### Your objective
Give back the data exactly, with no images.

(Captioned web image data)

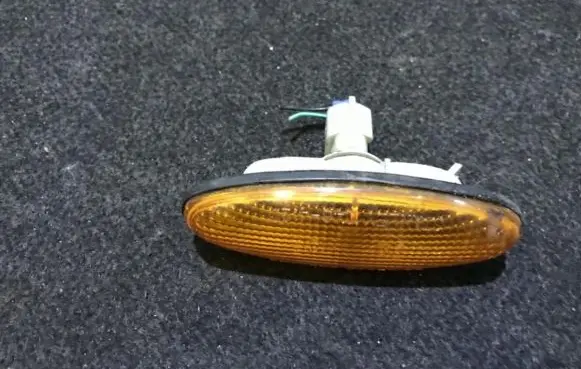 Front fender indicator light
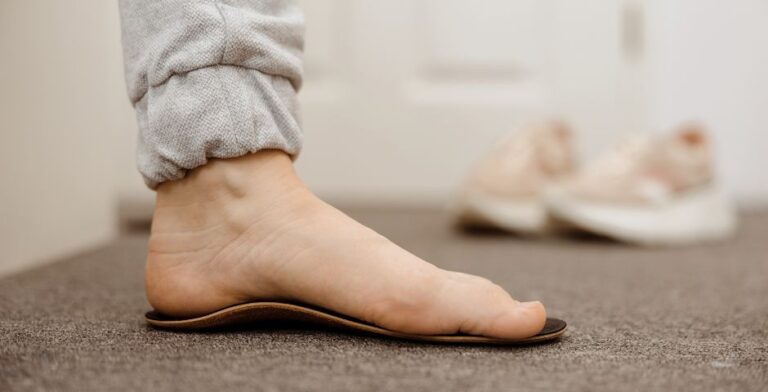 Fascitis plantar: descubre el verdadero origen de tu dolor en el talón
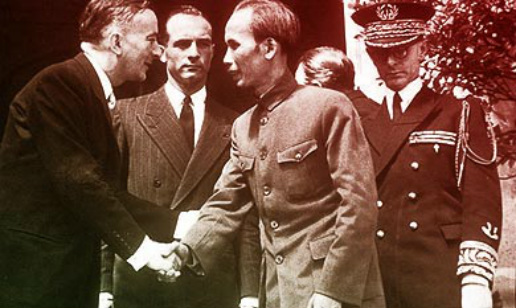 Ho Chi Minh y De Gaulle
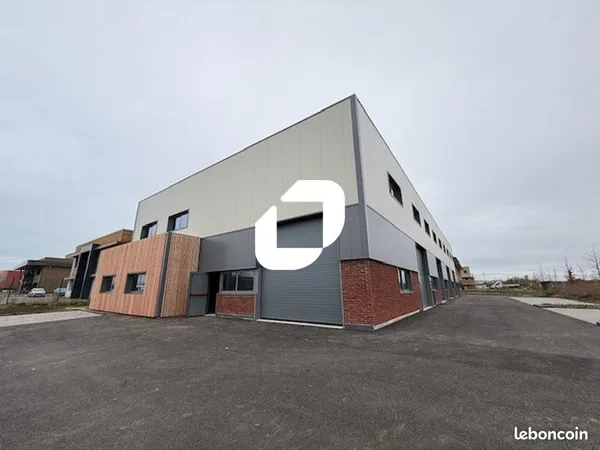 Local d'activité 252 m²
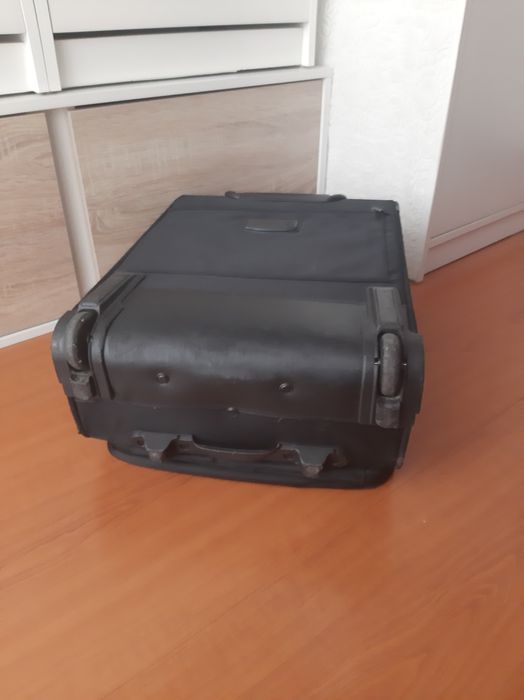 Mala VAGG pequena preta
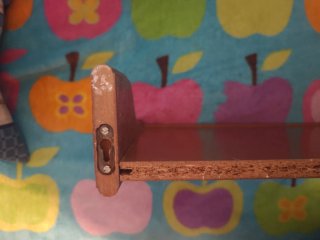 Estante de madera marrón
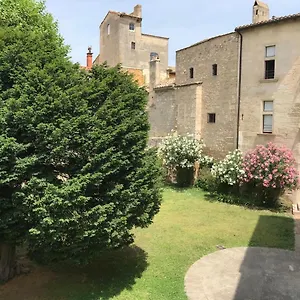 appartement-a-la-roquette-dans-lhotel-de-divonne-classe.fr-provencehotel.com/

### Answer to this task
 Front fender indicator light
 Fascitis plantar: descubre el verdadero origen de tu dolor en el talón
 Ho Chi Minh y De Gaulle
 Local d'activité 252 m²
 Mala VAGG pequena preta
 Estante de madera marrón
 appartement-a-la-roquette-dans-lhotel-de-divonne-classe.fr-provencehotel.com/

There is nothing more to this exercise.